La tarde cae, el sol se esconde en el horizonte y la noche rebalsa el cielo. Curiosa estación a la que se arriba una fría noche de un otoño, casi de invierno. Y el fin. El final del recorrido y su constancia.  ¿Puede acaso pensarse el final y la constancia a la vez? ¿Tiene sentido hablar de fin y recreación? ¿Puede escaparse –aunque sea mentalmente- del eterno presente que atraviesa la existencia? Pero alto, ¿No estamos acaso en las puertas de una ficción?


Afirmar la ficcionalidad de tal construcción nos permite –en el marco de la diferencia foucaultiana- separarla del carácter esencial-original que puede querer imprimírsele, para afirmarla como invención. Ya en estos términos la pregunta por el quién es obligado, ¿quién se ha atrevido a pronunciar ese final? ¿Cuál es el lugar desde el que se construye esta ficción?
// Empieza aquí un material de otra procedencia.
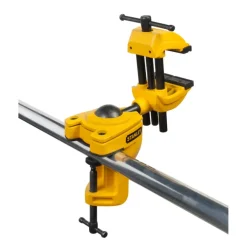Stanley boorklem multifunctioneel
El pronunciamiento de este “final de la historia” es el gesto de una Europa inmersa en el tedio nihilista que intenta volver extensivo ese nihilismo a aquella otra construcción que había realizado, “la historia del mundo”. Este pronunciamiento entonces, nuevamente no es otra cosa que la universalización de una experiencia local. Desde estas latitudes es nuestra responsabilidad revisar la validez de estas afirmaciones y la  viabilidad de sus consecuencias.

Difícilmente pueda llevarse en tan poco espacio a una reflexión tan somera sobre la relación entre el fin y la ficción, o la ficción de un fin que constantemente se recrea en un eterno presente, como Manuel Fontenla lo ha hecho en este mismo ANDÉN, y que orientan en gran sentido estas líneas.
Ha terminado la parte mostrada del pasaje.